I see another title called Samurai Executioner and it mentions that the main hero here was actually killed in the Lone Wolf and Cub series. I'm only up to #4 in the Lone Wolf and Cub. Does anyone know the graphic novel number in which the two duel?


----------



## haiiro (Sep 5, 2004)

It's been too long since I read the promo blurb for Samurai Exectuioner -- who is the main character?

(In any case, you're in for a real treat with all 28 volumes of Lone Wolf and Cub. They're excellent. )


----------



## Prince of Happiness (Sep 6, 2004)

Lone Wolf and Cub is a great, great, great series!

I'm curious about Samurai Executioner. I'm thinking that it's about the Yagyu replacement for the Shogun's second.


----------



## haiiro (Sep 6, 2004)

Prince of Happiness said:
			
		

> I'm curious about Samurai Executioner. I'm thinking that it's about the Yagyu replacement for the Shogun's second.




For some reason, I had the vague memory that it was about Ogami Itto's predecessor. Hrm.


----------



## Prince of Happiness (Sep 6, 2004)

haiiro said:
			
		

> For some reason, I had the vague memory that it was about Ogami Itto's predecessor. Hrm.




Now that would be cool. But I don't think that Ogami fought the predecessor for the kogi kaishakunin position.


----------



## Particle_Man (Sep 6, 2004)

I forget which book it is in, but there is one short arc about the third best swordsman in Japan, the guy who sharpens the emperor's swords and tests them on prisoners.  



Spoiler



Needless to say, he goes after Lone Wolf in the main book and gets totally killed.


  So this has to be a prequel series.


----------



## Ibram (Sep 6, 2004)

The character is called Kubikiri Asa, whos called Decapitator Asaemon in LW&C.


----------



## haiiro (Sep 6, 2004)

Ibram said:
			
		

> The character is called Kubikiri Asa, whos called Decapitator Asaemon in LW&C.

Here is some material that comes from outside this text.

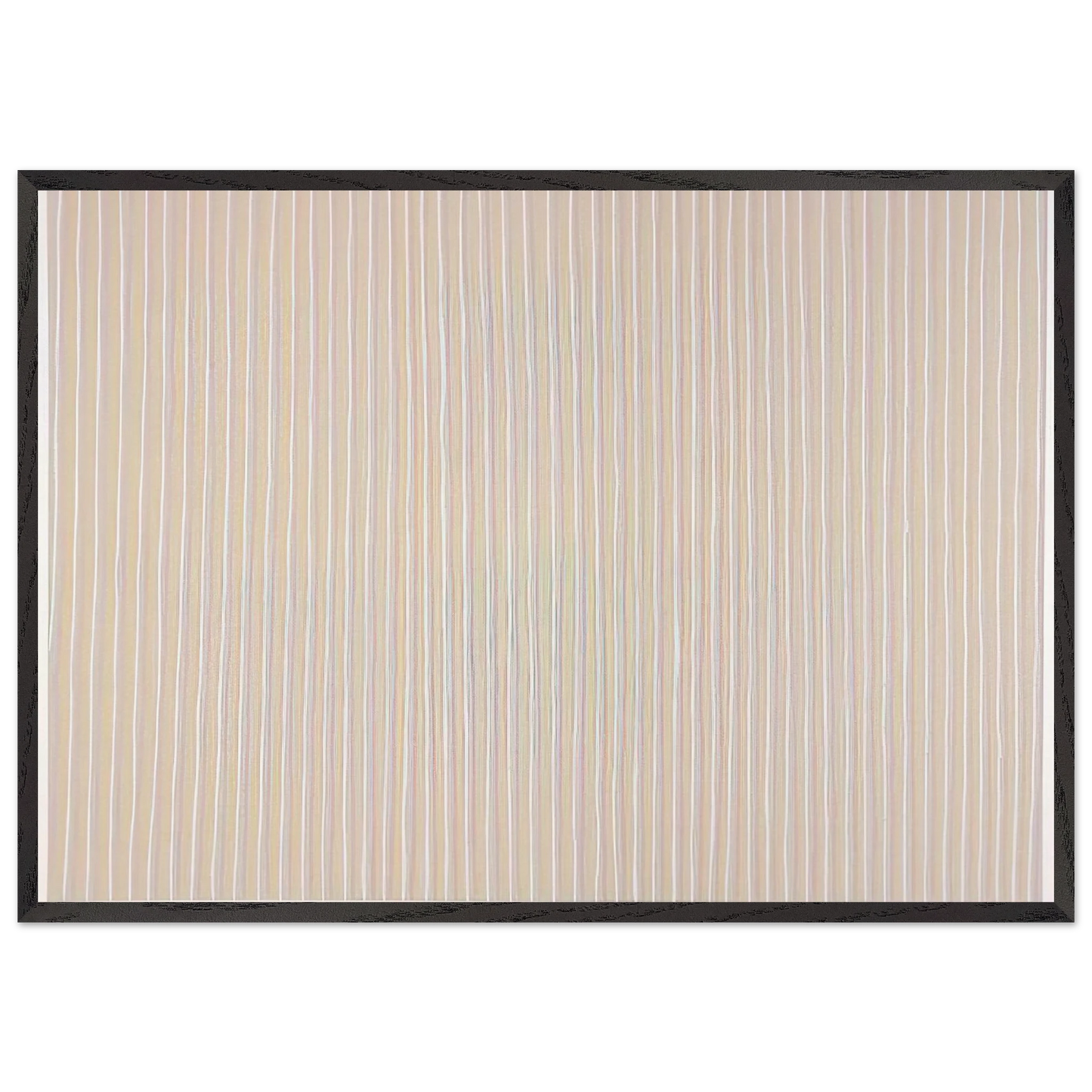 Untitled Pink Yellow and White - 1980 - Gene Davis Framed Art Print – Black Wooden Frame - Default Title - -Framed Art Print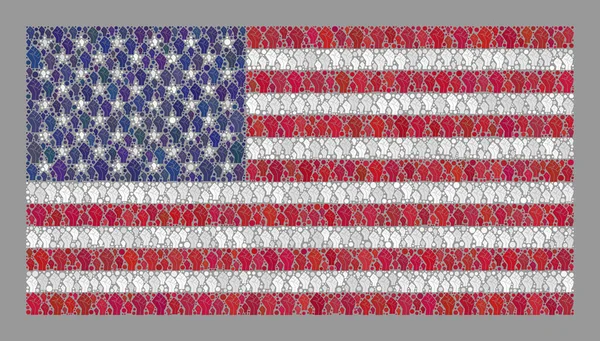 Conflicto Bandera de Estados Unidos - Mosaico de elementos de puño — Archivo Imágenes Vectoriales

In that case, Joe, you're only one book away: Itto fights Asaemon in chapter four of volume five, and it's one hell of a duel. There's also some good buildup and background on Asaemon himself.


----------



## JoeGKushner (Sep 7, 2004)

You are correct, it is in #5. Figured "What the heck." and bought #5-#8.

I was a little let down by the fight though. Both of them were cheated of what could've been the ultimate duel. I can't complain too much though for it did 'feel' like something that Itto's enemies would do.

I've read all of the Lone Wolf books before, but now that I own the first few, I'm really getting into the books. Before it was just a casual skim while waiting for the SO to finish her shopping.


----------



## SableWyvern (Sep 8, 2004)

Hey. This has nothing to do with Kai Lords.

Lone Wolf indeed.

Imposter.


----------